Majumdar proposes a literature that synthesises the particular and local experience of oppression, trauma and domination, with awareness of the structural foundations that produce and shape that experience. These structural foundations are universal in the sense that capitalism is a totalising system from which no part of the world can escape. In this way she advocates a materialist analysis, to break out of the misconceived cultural focus of postcolonialism. There is another sense in which she conceives of the universal, and that is in shared human needs and feelings. Radical universalism proposes that solidarity, and collective action are a basis for liberatory agency against injustice.
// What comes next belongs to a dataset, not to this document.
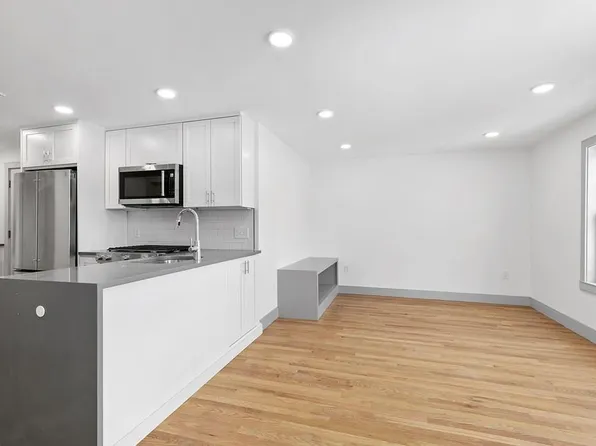 4 Coppersmith Way Floor 2, Boston, MA 02128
She critiques apparently universalist literature, with a “cosmopolitan patina”, which sees freedom from domination as an individual pursuit, within neoliberal and conservative paradigms.
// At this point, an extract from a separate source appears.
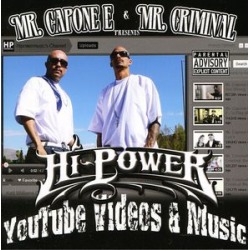 Hipowermusic.Com Videos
Majumdar welcomes a challenge to postcolonial orthodoxy which “rejects the homogenized Imperial West of postcolonial theory, calling instead for the recognition of a ‘single but radically uneven world-system; a singular modernity, combined and uneven; [and] a literature that variously registers this combined unevenness in both its form and content.’ “ (Warwick Research Collective (WReC), Combined and uneven development: towards a new theory of world literature).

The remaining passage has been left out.